:: Input data

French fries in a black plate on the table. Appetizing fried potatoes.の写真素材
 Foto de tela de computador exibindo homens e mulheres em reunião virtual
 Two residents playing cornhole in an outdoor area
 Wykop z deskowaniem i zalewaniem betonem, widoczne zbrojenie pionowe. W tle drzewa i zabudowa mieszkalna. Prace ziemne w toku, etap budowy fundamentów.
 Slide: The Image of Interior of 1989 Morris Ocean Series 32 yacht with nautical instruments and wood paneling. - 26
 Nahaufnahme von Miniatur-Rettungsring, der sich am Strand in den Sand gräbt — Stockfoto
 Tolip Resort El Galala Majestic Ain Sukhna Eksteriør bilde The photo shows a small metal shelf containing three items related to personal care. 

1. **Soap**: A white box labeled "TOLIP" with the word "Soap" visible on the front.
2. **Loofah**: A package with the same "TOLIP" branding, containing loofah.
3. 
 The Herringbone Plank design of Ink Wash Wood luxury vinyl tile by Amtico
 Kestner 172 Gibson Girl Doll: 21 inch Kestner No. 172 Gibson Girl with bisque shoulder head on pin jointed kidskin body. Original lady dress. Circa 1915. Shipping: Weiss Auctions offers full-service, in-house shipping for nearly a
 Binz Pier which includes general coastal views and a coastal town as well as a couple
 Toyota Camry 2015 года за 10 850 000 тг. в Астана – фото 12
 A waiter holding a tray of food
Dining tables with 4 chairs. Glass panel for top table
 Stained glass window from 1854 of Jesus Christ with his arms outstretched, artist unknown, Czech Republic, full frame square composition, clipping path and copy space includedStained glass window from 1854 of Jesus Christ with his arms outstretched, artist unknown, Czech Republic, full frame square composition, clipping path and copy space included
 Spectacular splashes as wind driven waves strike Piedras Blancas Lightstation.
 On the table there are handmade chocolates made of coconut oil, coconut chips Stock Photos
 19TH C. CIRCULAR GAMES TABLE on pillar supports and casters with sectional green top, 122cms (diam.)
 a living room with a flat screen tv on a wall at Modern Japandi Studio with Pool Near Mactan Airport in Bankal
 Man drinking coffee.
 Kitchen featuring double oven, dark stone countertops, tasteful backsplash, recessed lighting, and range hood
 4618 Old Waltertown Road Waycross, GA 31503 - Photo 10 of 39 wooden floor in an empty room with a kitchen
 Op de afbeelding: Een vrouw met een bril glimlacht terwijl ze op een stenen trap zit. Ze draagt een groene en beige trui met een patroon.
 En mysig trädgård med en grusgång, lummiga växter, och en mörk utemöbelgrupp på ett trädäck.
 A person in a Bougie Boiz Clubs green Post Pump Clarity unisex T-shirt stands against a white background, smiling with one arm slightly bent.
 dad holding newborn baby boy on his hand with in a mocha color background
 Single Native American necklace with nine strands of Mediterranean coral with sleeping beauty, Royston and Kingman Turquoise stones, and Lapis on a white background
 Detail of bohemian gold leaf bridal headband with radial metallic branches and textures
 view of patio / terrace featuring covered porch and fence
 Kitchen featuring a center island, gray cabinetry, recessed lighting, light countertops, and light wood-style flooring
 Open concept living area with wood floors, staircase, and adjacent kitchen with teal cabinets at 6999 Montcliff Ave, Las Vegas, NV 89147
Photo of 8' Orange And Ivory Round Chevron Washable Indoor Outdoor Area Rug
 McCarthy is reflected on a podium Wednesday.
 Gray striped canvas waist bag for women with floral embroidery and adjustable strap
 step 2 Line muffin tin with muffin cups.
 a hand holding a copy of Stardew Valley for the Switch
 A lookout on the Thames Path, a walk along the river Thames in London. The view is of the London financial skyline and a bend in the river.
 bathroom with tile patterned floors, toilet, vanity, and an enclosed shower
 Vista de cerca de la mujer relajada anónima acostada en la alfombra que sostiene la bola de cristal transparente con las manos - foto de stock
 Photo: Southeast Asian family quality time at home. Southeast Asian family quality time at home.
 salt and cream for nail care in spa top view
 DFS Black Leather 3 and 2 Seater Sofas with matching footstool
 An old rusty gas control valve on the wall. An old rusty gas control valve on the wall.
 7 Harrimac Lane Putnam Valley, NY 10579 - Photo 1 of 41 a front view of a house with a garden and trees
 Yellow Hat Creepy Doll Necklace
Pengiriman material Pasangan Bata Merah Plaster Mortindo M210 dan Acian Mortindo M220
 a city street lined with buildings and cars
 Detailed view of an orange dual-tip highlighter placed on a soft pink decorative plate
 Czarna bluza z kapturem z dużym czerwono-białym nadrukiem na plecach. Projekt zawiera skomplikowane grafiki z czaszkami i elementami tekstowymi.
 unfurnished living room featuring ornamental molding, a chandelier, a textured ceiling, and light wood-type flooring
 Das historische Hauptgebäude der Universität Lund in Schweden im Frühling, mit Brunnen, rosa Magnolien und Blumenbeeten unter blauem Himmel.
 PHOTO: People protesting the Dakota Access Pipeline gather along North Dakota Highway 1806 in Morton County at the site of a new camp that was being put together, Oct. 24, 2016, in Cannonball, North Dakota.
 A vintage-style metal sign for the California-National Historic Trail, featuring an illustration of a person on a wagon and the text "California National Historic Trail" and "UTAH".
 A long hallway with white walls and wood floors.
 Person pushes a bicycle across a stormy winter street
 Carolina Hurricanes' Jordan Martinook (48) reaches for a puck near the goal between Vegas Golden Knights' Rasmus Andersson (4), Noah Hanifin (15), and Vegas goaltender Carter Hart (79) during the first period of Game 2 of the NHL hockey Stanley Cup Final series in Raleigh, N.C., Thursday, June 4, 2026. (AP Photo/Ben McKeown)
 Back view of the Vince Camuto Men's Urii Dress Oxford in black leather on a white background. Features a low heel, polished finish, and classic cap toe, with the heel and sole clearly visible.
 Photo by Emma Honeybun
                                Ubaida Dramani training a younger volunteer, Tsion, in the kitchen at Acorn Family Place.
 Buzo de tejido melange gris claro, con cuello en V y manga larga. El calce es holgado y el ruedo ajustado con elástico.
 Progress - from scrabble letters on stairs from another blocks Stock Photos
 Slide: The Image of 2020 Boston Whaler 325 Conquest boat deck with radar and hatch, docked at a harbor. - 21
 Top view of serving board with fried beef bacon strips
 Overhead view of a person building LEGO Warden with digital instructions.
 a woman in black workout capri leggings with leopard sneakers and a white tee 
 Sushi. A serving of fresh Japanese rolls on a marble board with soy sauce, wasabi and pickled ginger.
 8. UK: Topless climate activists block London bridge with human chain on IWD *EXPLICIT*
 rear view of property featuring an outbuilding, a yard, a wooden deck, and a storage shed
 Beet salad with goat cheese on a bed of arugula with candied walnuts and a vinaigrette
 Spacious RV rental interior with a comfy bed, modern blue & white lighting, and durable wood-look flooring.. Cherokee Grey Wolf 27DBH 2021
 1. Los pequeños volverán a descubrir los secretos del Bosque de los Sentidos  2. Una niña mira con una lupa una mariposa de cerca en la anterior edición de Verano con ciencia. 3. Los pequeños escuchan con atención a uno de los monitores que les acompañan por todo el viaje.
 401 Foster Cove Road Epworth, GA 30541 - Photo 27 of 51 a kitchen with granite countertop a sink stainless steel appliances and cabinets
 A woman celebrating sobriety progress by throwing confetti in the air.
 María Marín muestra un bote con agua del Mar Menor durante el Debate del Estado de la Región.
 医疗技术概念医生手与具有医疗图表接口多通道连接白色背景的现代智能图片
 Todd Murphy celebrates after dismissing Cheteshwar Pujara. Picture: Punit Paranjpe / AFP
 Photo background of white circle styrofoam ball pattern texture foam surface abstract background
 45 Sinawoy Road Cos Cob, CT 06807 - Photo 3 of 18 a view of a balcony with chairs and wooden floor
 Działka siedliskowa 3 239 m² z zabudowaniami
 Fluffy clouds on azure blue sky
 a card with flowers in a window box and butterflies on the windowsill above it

::::

Work required =
Copy out each line carrying the string "Slide" from the data.

Response below =
 Slide: The Image of Interior of 1989 Morris Ocean Series 32 yacht with nautical instruments and wood paneling. - 26
 Slide: The Image of 2020 Boston Whaler 325 Conquest boat deck with radar and hatch, docked at a harbor. - 21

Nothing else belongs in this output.